Advocates of a $15 minimum wage pleaded their case to Philadelphia City Council Wednesday, hoping to lay the groundwork for a challenge to a state law that bars municipalities from setting minimum wages.

Advocates of a $15 minimum wage pleaded their case to Philadelphia City Council Wednesday, hoping to lay the groundwork for a challenge to a state law that bars municipalities from setting minimum wages.

"Most of Philadelphia is in a state of emergency," the Rev. Gregory Holston testified before Council and about 100 supporters who filled the gallery. "If we're going to really address the poverty we're facing, all of us, leaders in government and City Council leaders and the mayor and anybody who wants to be mayor, have to address the issue."

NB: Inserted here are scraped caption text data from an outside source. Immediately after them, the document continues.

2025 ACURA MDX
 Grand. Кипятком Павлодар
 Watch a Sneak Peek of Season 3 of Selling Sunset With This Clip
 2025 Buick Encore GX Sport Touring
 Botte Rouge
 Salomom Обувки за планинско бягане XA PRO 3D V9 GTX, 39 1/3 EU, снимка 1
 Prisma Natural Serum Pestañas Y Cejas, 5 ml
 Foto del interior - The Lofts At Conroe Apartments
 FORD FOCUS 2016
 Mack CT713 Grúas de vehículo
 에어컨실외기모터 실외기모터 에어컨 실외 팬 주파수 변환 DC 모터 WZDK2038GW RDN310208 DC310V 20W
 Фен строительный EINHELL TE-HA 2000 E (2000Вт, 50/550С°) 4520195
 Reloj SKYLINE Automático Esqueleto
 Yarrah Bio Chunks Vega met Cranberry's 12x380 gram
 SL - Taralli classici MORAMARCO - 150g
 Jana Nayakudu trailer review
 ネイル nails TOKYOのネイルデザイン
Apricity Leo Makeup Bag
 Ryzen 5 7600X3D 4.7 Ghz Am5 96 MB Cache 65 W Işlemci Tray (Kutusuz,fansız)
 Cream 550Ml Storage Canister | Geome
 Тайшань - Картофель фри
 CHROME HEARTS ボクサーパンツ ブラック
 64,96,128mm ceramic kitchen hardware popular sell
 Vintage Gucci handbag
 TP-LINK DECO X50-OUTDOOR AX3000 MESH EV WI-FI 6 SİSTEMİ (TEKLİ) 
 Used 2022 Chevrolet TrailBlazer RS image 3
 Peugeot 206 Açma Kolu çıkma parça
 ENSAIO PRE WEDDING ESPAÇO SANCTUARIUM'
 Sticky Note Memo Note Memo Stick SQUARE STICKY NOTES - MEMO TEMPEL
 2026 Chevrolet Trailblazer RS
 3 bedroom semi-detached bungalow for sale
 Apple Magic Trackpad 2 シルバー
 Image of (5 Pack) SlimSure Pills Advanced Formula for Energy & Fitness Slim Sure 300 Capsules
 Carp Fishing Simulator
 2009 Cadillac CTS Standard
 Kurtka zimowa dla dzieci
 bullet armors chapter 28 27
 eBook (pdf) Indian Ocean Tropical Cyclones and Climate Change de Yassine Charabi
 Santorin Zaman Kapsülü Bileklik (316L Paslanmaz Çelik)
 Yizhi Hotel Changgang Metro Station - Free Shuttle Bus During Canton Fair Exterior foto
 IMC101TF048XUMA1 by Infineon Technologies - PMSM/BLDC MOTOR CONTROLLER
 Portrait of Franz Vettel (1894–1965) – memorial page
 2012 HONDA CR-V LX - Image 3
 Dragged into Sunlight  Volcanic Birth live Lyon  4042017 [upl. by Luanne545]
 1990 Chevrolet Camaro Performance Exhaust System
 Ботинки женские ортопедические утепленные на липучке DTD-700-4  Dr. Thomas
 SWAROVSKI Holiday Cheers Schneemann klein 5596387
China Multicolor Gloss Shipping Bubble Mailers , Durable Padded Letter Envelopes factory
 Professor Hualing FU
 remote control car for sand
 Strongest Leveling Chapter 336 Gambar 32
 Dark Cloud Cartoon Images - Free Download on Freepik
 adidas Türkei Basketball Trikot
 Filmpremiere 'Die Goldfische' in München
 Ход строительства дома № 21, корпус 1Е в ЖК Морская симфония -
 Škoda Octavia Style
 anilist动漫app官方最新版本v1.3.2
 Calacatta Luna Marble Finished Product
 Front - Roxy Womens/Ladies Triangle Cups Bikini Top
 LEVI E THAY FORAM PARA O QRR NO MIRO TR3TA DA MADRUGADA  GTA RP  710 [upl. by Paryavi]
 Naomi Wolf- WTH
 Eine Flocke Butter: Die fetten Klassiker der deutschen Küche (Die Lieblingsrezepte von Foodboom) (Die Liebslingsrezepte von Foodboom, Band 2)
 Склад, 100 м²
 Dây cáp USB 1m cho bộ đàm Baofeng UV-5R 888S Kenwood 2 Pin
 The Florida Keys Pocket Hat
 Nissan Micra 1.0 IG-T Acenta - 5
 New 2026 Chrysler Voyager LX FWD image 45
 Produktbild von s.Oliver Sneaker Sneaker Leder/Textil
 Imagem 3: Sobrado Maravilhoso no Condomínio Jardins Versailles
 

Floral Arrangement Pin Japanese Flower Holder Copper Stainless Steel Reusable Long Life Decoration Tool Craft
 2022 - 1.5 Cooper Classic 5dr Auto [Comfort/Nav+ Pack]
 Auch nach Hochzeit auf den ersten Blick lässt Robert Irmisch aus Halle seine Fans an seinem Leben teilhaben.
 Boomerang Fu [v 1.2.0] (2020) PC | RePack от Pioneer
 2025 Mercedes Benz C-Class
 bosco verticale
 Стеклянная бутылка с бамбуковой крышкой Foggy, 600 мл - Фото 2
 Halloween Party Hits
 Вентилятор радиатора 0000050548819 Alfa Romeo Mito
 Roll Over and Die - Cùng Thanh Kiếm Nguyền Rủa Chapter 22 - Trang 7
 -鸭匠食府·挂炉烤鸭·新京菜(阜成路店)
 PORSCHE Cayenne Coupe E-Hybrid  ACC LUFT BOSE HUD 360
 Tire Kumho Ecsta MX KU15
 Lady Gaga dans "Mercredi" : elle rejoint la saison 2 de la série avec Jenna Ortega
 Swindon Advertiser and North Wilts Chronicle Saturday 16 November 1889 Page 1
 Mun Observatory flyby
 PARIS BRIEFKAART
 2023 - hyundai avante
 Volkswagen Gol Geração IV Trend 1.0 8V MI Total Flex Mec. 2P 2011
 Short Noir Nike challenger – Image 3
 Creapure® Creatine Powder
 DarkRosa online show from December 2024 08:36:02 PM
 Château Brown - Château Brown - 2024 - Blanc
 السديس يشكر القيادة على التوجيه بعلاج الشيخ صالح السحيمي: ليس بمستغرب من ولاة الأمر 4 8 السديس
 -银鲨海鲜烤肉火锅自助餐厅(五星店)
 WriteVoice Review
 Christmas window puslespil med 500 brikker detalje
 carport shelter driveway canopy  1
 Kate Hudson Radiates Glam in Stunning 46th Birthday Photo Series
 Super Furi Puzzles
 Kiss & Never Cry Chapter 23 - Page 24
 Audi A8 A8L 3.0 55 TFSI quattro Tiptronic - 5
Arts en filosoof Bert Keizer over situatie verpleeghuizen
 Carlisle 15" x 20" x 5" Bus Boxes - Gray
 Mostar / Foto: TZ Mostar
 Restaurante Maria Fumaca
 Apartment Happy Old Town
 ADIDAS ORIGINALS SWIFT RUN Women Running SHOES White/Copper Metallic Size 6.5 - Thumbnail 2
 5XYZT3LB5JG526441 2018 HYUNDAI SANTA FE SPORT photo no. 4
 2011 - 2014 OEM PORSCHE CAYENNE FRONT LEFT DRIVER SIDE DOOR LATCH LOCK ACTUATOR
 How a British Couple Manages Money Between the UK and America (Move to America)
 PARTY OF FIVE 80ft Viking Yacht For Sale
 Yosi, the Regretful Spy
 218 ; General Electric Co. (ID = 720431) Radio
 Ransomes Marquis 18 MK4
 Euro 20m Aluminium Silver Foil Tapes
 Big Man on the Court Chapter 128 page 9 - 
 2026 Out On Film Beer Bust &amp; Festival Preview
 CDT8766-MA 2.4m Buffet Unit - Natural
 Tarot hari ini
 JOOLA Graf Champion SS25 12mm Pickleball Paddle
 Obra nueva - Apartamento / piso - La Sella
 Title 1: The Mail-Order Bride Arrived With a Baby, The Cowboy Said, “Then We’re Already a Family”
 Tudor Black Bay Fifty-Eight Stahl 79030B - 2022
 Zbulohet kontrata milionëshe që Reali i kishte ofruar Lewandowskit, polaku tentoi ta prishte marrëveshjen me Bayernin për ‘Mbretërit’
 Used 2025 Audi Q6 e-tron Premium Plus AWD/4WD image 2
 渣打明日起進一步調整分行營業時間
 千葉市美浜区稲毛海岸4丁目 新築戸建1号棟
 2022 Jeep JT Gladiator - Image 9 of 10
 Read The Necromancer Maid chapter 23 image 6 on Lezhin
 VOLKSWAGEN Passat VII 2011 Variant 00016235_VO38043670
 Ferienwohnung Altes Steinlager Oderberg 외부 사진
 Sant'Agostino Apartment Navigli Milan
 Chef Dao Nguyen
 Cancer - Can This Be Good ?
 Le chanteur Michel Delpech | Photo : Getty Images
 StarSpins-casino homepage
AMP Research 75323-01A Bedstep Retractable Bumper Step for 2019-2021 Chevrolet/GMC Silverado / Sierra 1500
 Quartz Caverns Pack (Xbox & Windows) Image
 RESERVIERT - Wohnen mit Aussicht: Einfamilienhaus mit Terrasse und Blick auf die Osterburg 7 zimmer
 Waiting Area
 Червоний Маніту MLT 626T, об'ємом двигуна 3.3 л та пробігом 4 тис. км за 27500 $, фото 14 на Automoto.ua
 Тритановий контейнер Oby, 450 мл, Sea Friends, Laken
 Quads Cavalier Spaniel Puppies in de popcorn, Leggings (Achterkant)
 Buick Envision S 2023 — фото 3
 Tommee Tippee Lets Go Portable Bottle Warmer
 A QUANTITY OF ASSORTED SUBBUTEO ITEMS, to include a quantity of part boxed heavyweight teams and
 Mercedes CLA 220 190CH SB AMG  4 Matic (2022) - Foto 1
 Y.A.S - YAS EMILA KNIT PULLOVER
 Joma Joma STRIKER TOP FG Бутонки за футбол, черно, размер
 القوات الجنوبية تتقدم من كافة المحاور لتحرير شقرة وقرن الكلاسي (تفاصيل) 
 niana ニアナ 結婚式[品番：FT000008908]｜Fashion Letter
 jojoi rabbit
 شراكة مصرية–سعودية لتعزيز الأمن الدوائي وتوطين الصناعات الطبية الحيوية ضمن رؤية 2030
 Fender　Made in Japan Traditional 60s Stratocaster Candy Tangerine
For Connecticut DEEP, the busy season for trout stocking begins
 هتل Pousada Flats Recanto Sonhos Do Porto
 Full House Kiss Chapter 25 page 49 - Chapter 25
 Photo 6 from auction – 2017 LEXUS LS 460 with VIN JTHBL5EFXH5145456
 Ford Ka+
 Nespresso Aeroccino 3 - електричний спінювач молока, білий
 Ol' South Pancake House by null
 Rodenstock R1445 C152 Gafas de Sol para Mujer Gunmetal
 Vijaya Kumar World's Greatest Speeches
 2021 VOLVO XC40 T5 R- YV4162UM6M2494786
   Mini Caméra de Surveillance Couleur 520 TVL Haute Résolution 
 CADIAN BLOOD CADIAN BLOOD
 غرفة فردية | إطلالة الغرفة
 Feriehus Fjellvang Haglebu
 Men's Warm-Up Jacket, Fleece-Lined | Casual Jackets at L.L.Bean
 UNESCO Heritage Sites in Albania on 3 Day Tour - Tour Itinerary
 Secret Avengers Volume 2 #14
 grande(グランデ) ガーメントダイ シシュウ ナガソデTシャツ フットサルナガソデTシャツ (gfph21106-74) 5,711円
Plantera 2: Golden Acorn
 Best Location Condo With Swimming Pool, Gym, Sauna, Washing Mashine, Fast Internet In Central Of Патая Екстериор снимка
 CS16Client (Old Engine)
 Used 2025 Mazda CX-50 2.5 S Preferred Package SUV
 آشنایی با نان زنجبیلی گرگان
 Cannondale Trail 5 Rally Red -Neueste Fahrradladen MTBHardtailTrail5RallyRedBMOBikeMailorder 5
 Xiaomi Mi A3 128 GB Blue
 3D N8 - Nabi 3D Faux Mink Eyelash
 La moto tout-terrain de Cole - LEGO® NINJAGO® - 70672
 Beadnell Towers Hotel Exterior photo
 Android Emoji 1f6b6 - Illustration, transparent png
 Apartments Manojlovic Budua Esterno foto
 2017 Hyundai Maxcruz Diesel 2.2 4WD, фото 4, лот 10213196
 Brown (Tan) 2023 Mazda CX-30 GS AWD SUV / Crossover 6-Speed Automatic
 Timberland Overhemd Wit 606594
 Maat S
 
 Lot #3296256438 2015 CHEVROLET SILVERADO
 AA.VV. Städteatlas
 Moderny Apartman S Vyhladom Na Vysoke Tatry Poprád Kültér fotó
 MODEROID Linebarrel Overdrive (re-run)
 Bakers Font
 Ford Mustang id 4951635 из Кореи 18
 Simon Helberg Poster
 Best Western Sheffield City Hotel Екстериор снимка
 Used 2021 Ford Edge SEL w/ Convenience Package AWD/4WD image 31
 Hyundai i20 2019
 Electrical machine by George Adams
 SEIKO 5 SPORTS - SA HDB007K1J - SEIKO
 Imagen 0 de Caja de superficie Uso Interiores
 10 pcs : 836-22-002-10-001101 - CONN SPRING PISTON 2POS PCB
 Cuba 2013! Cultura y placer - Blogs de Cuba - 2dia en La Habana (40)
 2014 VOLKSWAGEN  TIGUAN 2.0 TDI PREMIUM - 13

Wednesday's hearing came one day after Gov. Wolf in his budget address urged the legislature to raise the state minimum wage from $7.25 to $10.10 per hour. Advocates here want Harrisburg to go further and also strike down the state law that bans municipalities from setting minimum wages.

Without that, any effort by Council to raise the hourly minimum is sure to be challenged in court - a fight the city's Law Department thinks would be unsuccessful, according to Councilman Kenyatta Johnson. Johnson had said he would consider introducing minimum-wage legislation if the Law Department thought it was feasible.

"We're still considering it, regardless of their position," Johnson said. "But we want to continue advocating on a state level."

Kate Goodman, an organizer for $15 Now, the main group pushing for the wage hike, said the Law Department's conclusion was not discouraging. She said a potential challenge to the state's preemption is far off, and for now the group wants Council to pass a resolution symbolically supporting a $15 rate and urging Harrisburg to do away with the law.

"We are going to have to build to the point where City Council is willing to introduce the law to challenge preemption," she said.

Council candidates Sherri Cohen and Isaiah Thomas both have said they back a $15 minimum wage. Cohen testified Wednesday, calling the minimum wage preemption one area where the city needs to "end state control over Philadelphia."

In the audience were dozens of workers, some who testified of their own struggles to make a living on minimum wage.

"My daughter asks to go to Chuck E. Cheese and I have to say to her no, because I can't afford it," said Raphael Curtis, 24, a fast-food worker. "Do you know what that feels like, to feel inadequate as a father? It's not fair. But it's not my fault."

Joe Grace, the Philadelphia Chamber of Commerce's director of public policy, declined to comment on the possibility of a $15 minimum wage Wednesday, saying the group is focusing on Wolf's proposal to raise the state rate.